**WHAT TO WORK ON**. Using only the entries below, copy exactly the lines that begin at the one with "Sumind 12 Pcs" and end at the one with "Pure Crush Hand-painted", both included. Drop the pictures.

**RECORDS TO PROCESS**.
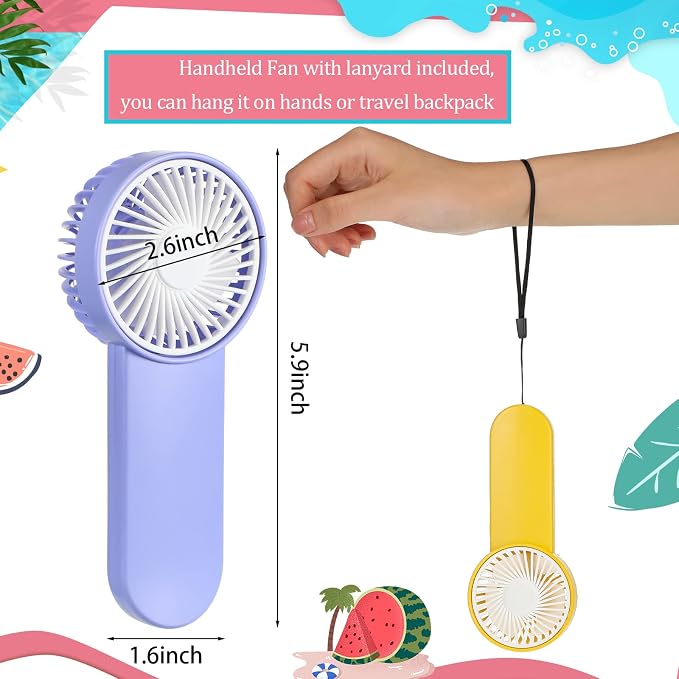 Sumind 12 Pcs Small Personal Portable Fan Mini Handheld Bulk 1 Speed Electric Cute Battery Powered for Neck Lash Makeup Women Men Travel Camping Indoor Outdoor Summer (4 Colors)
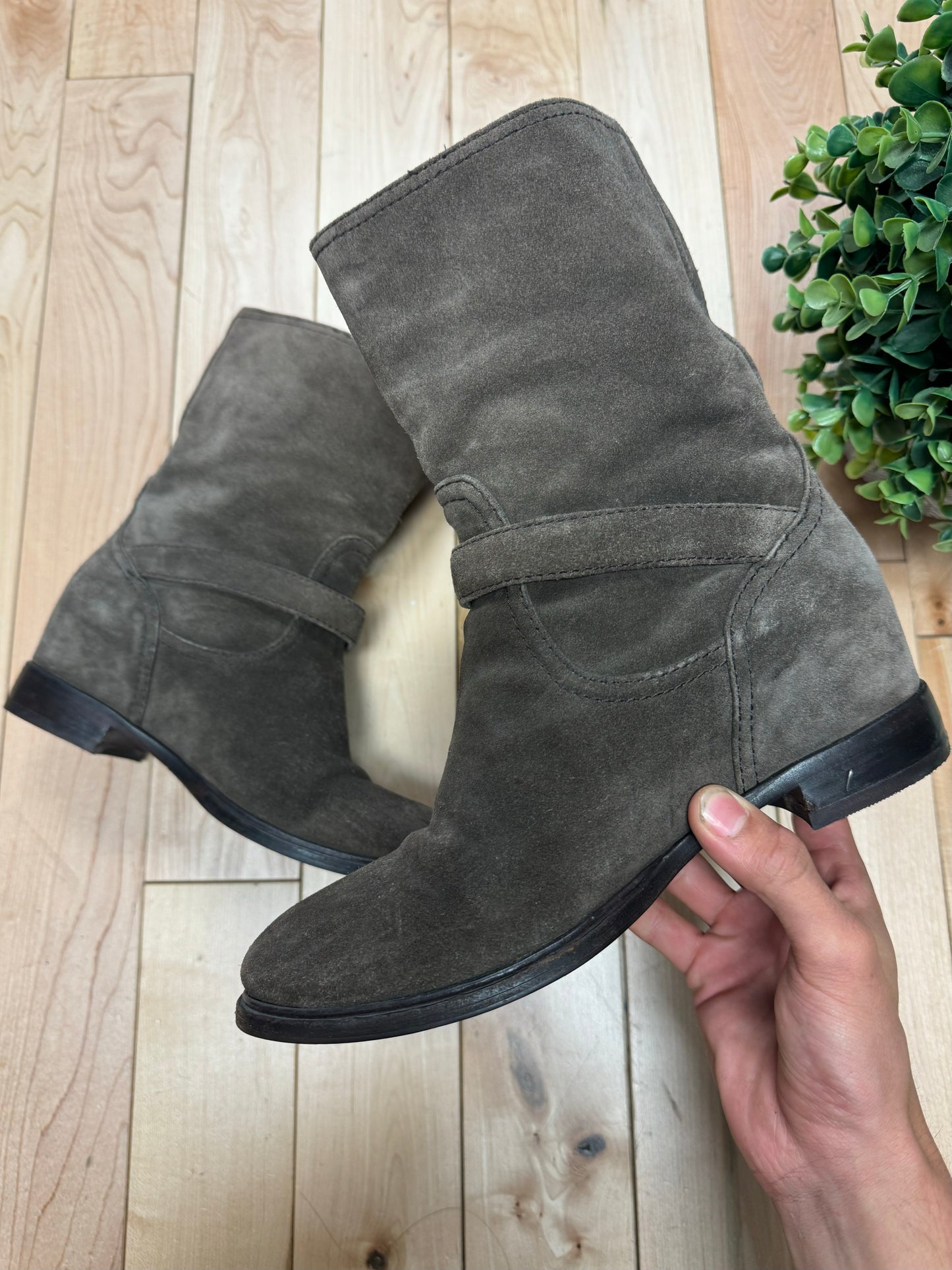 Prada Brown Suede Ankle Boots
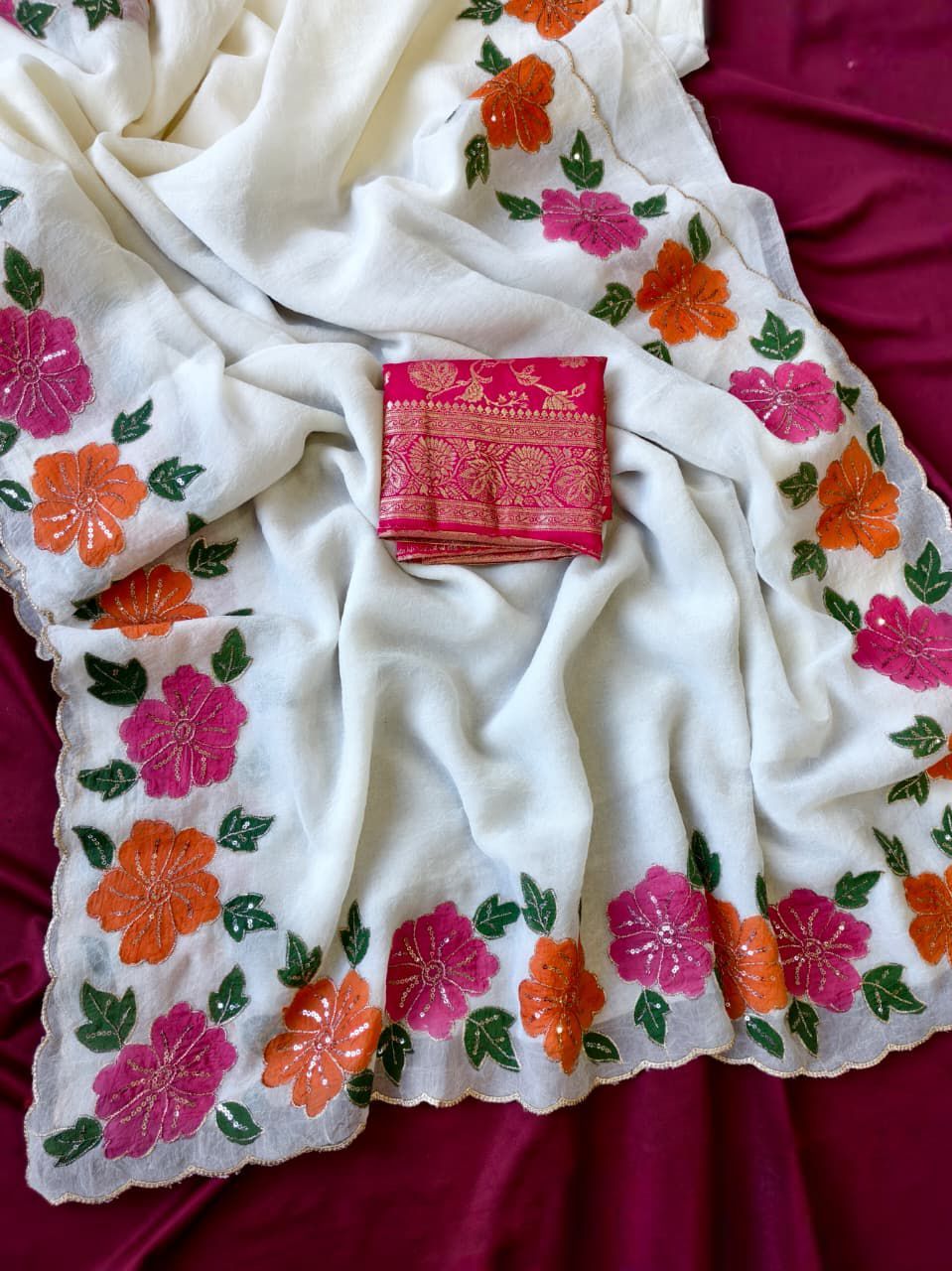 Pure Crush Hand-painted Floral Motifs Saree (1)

* * *

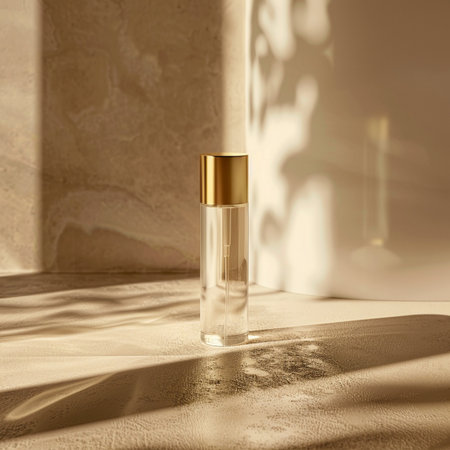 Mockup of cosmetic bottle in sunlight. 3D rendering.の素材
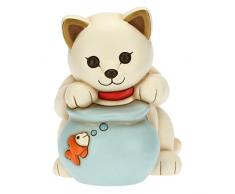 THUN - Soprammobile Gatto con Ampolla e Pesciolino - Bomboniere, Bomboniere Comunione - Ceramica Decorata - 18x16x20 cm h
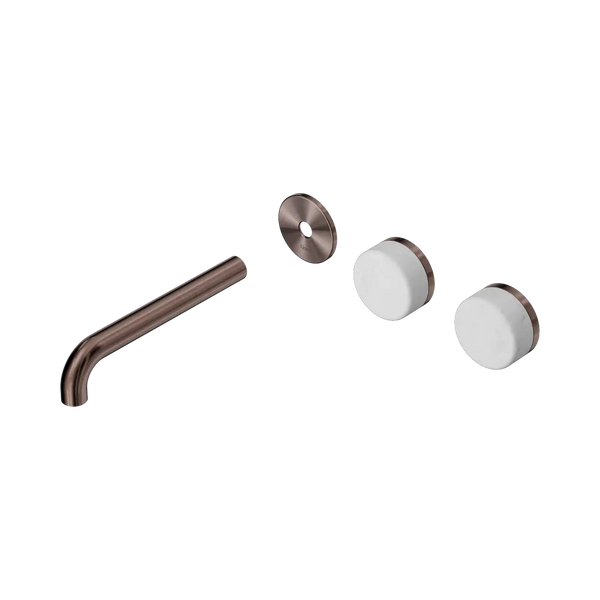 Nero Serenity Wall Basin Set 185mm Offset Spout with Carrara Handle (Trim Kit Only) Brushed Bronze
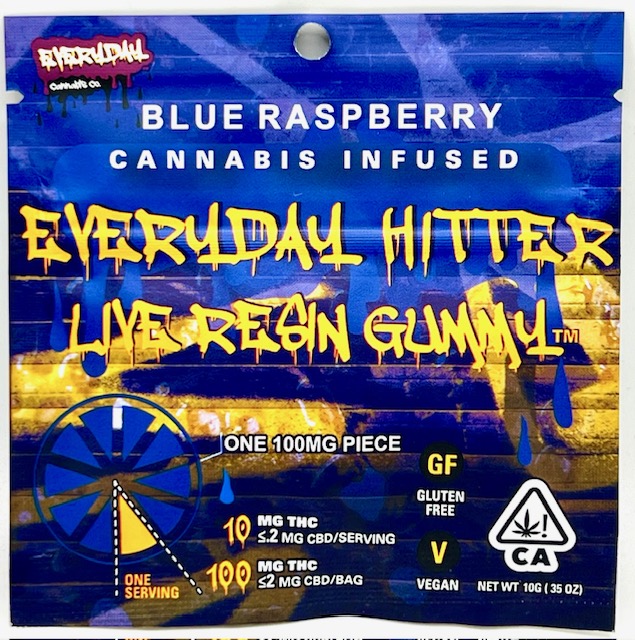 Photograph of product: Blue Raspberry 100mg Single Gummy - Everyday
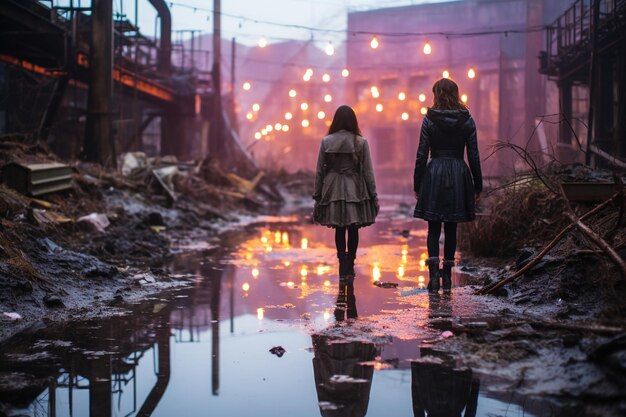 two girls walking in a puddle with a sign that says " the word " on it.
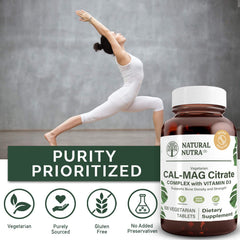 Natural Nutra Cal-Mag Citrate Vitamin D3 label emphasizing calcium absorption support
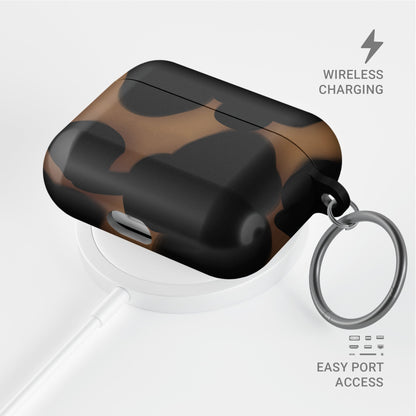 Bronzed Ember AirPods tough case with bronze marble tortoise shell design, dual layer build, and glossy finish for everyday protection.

==

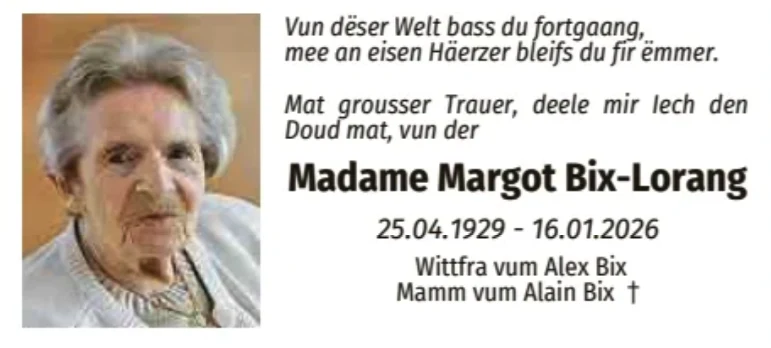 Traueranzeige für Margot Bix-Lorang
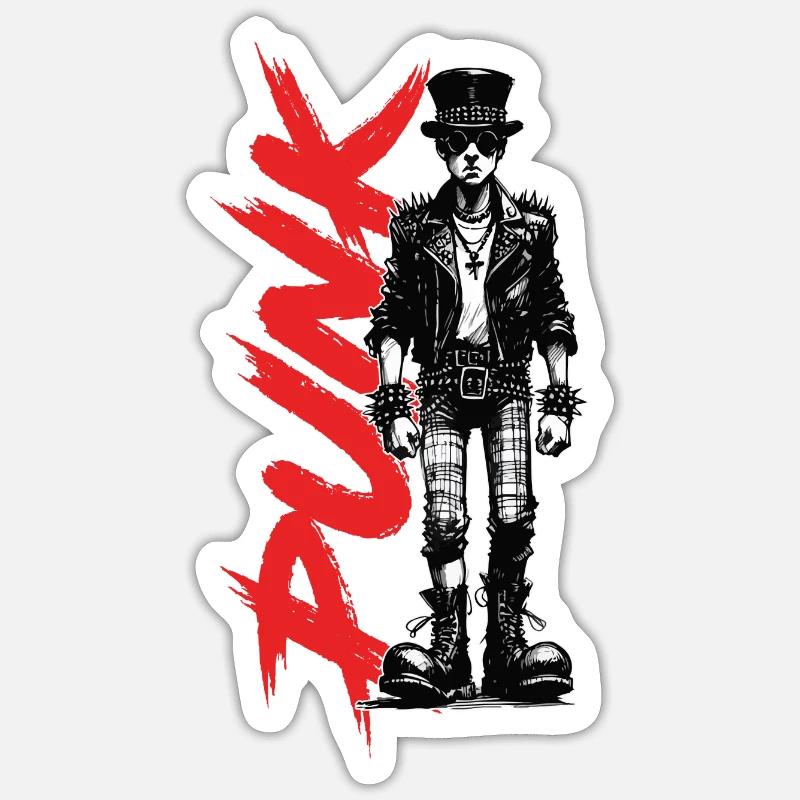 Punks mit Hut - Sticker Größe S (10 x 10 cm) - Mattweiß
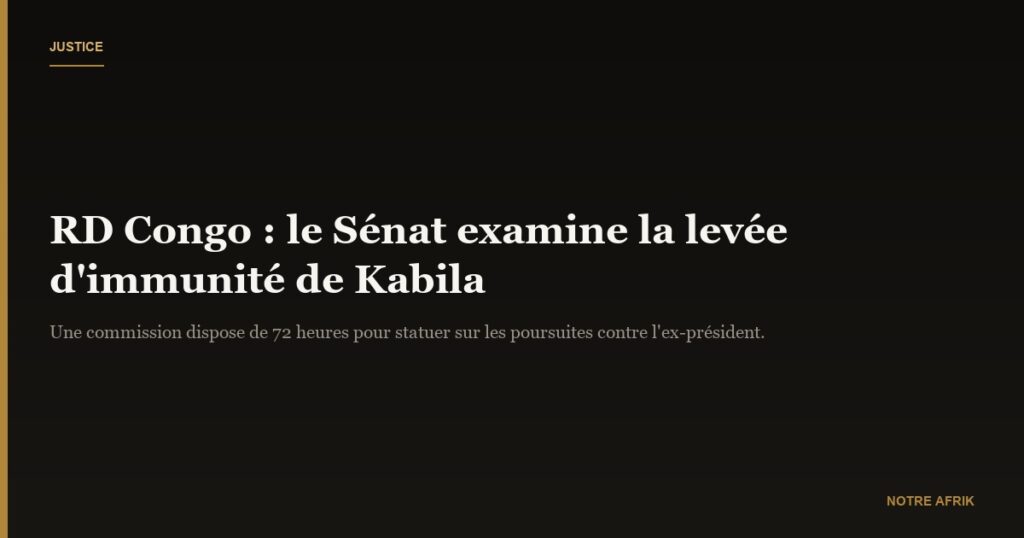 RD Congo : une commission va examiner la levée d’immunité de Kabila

**EXPECTED ANSWER**.
 Sumind 12 Pcs Small Personal Portable Fan Mini Handheld Bulk 1 Speed Electric Cute Battery Powered for Neck Lash Makeup Women Men Travel Camping Indoor Outdoor Summer (4 Colors)
 Prada Brown Suede Ankle Boots
 Pure Crush Hand-painted Floral Motifs Saree (1)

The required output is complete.